It’s a universally understood truth that sitcom pilots are , if not the worst episodes of a comedy series, then at least not in anybody’s top ten. Writing and performing (and, if you have to, animating) comedy is a process that has to be refined. So the Community pilot is an incredible anomaly, a testament to how tight Dan Harmon’s craft was at that point in his career. Community‘s plotting is definitely the thing that grabbed me about the series – not just how fast it is, but how weird the directions it can take are. Jeff wants to sleep with Britta, and the only way he can do that is to unite the group, so he pulls a brilliant monologue out of nowhere that blows everybody’s nips off and creates a community… but then it convinces Britta that Jeff is a shallow asshole and she kicks him out of the group. The absurd plausibility of the story lands immediately, creating never-ending farce that I always care about. And, of course, it’s already pitching hilarious and incredibly quotable dialogue (“I’m a Professor! You can’t talk to me that way!” / “A six year old girl could talk to you that way!” / “Yes, because that would be adorable!” / “No, because you’re a five year old girl, and there’s a pecking order!”). I like it when I actually care about people that make me laugh, and Community delivers that straight away.

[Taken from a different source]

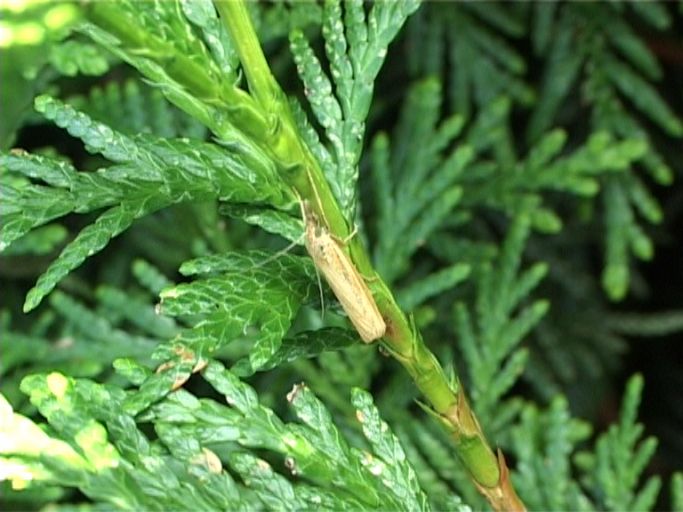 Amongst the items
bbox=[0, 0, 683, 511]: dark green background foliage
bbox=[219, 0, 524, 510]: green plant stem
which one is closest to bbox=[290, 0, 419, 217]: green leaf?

One of the little things that fascinates me about The Shield is that the pilot seems better each time I rewatch it. As wallflower observed, the first time through, you see clunky dialogue, cliche characters, and overblown situations. Each rewatch, though, reveals another layer of the Shieldian ethos buried in every moment. I notice that the show follows through on every character moment, no matter how ridiculous it seemed on the first run. I notice that every part of Vic’s identity is in one scene or another. I notice the empathy and humanity granted to all people, no matter how evil or idiotic they are. I notice that each of the child abusers follow fairly basic patterns I recognise, taken in a monstrous direction. I notice that the logic of the guy who slashes his girlfriend’s tires makes an internal sense even if he’s missing a few key pieces of information. Part of the problem is that the dialogue is sloppy and the story choices are obvious. But a lot of it is that I didn’t know what I was in for.
What are television pilots you fell in love with? What are shows you love with terrible pilots, or pilots you didn’t get straight away?